## TRY IT
Repeat the data exactly. Pictures are not part of the copy.

## DATA BLOCK
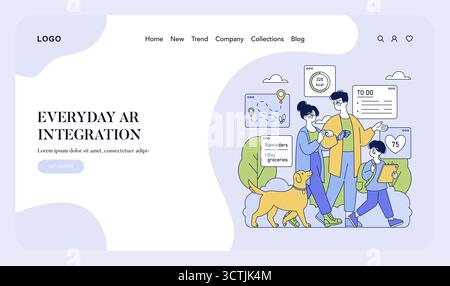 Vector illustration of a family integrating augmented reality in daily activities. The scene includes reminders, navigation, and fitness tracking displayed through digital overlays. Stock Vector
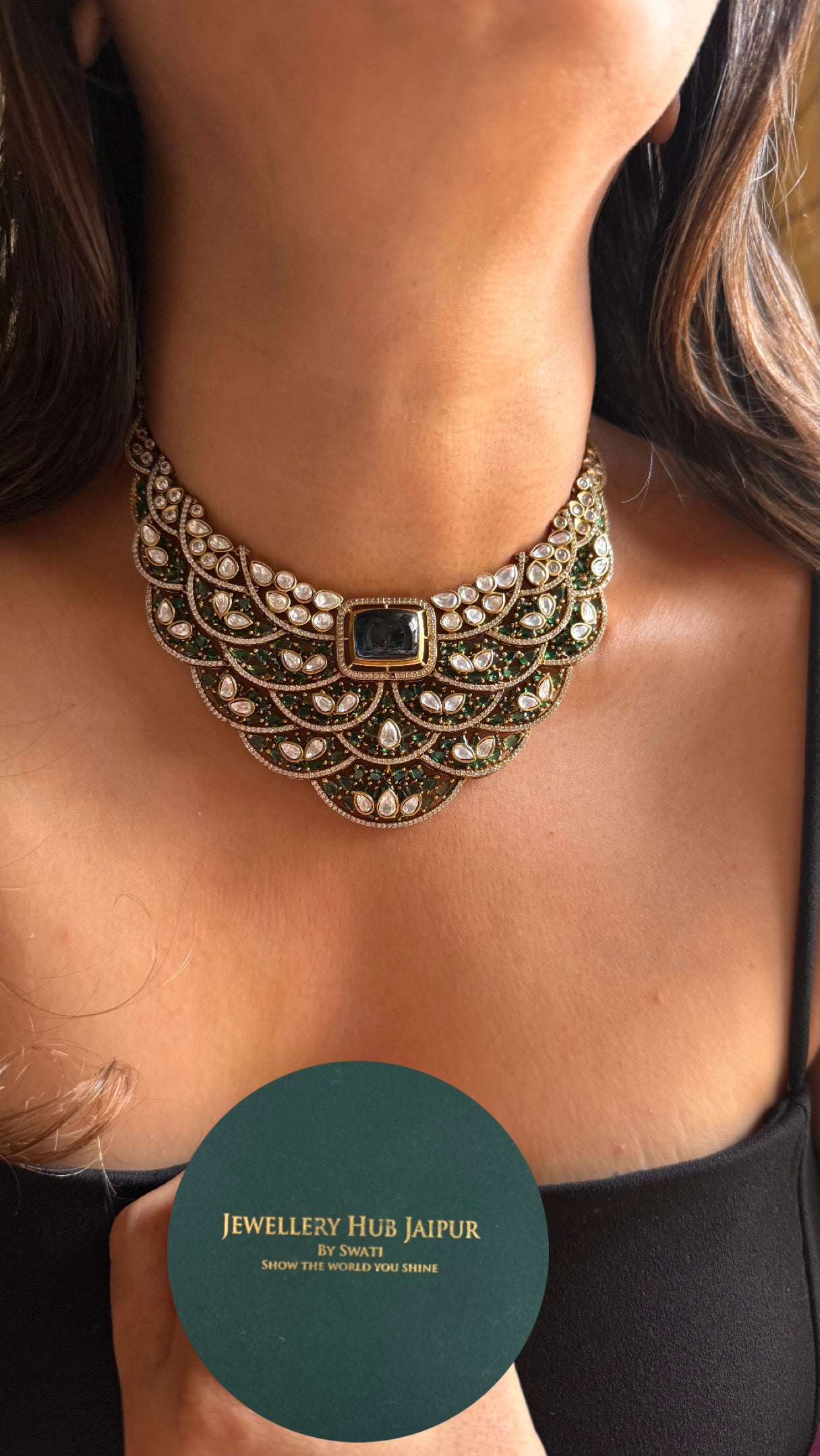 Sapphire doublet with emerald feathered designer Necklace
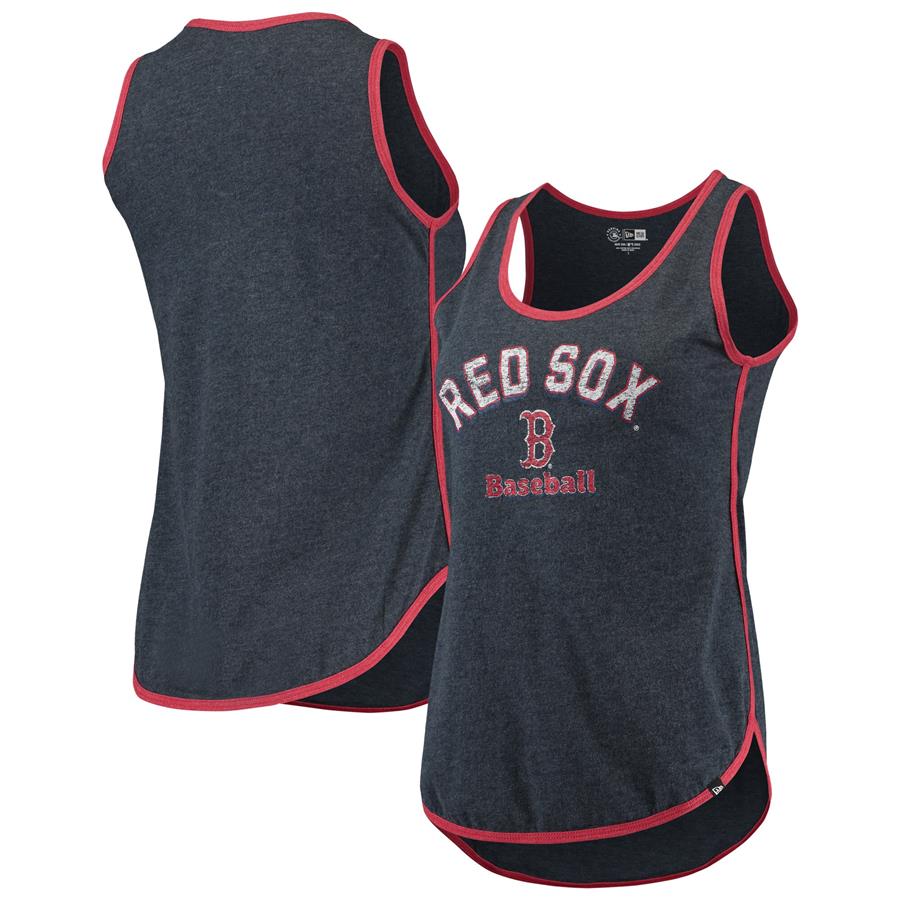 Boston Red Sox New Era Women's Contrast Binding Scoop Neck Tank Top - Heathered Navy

## RESPONSE TO THE EXERCISE
 Vector illustration of a family integrating augmented reality in daily activities. The scene includes reminders, navigation, and fitness tracking displayed through digital overlays. Stock Vector
 Sapphire doublet with emerald feathered designer Necklace
 Boston Red Sox New Era Women's Contrast Binding Scoop Neck Tank Top - Heathered Navy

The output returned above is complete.